» **Prompt**
A faithful copy of the data is the goal; set it down exactly, without the images.

» **Available data**

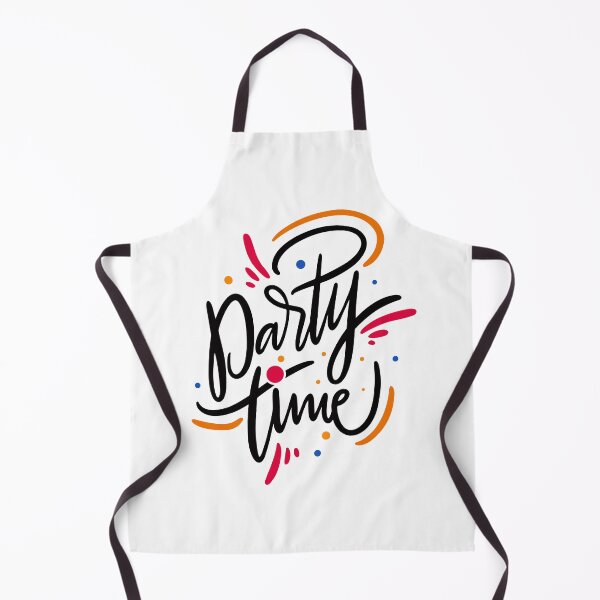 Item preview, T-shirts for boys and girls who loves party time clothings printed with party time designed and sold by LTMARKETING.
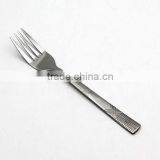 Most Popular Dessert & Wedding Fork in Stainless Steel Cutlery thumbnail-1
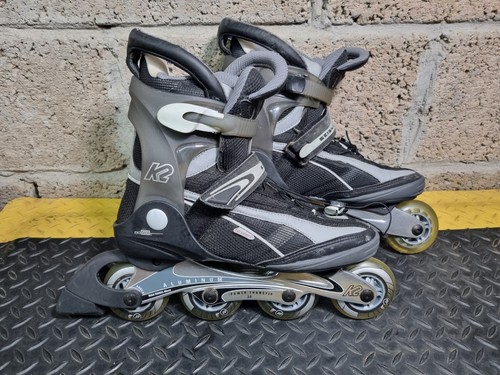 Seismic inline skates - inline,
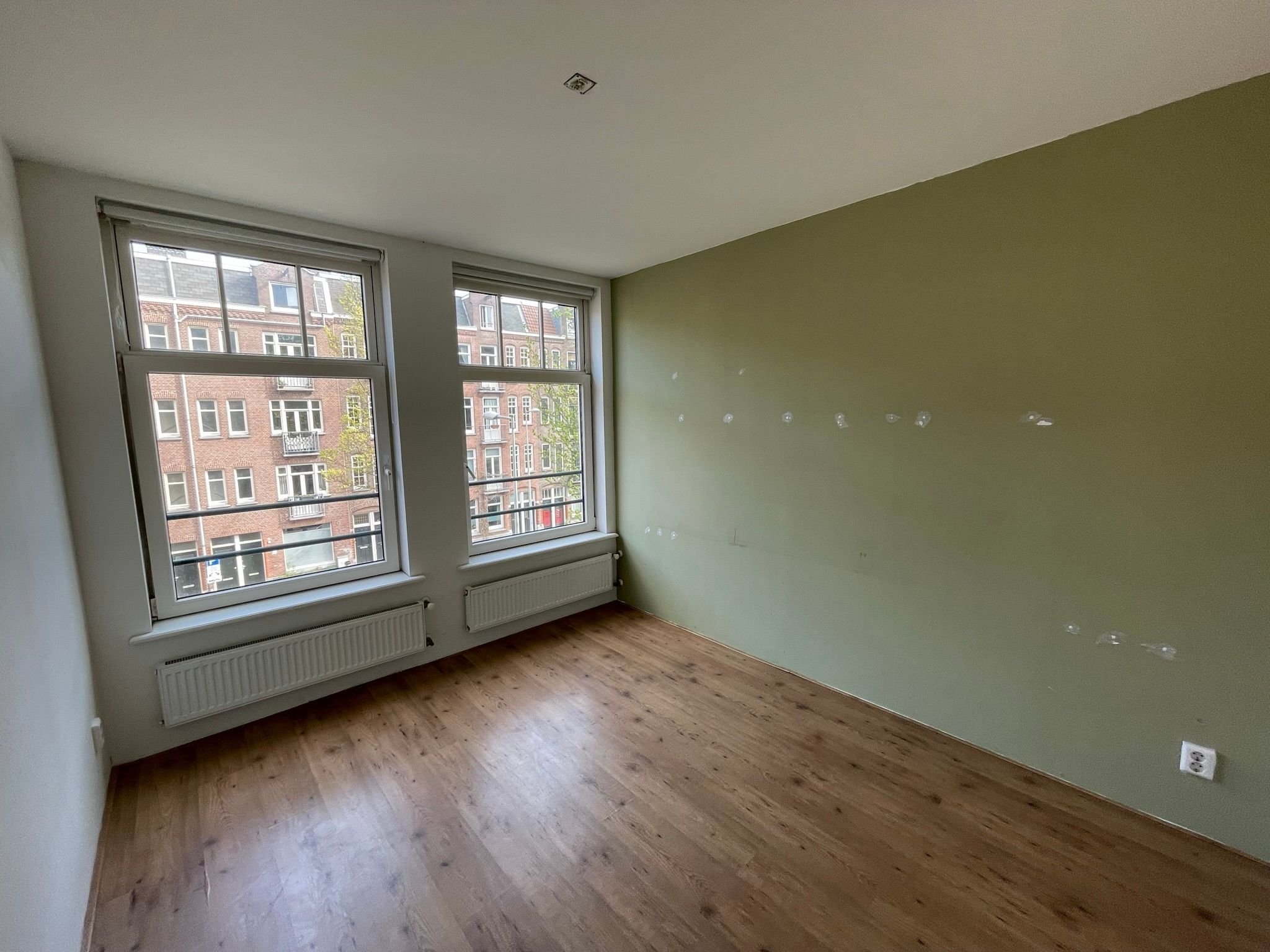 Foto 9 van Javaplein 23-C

» **Task result**
 Item preview, T-shirts for boys and girls who loves party time clothings printed with party time designed and sold by LTMARKETING.
 Most Popular Dessert & Wedding Fork in Stainless Steel Cutlery thumbnail-1
 Seismic inline skates - inline,
 Foto 9 van Javaplein 23-C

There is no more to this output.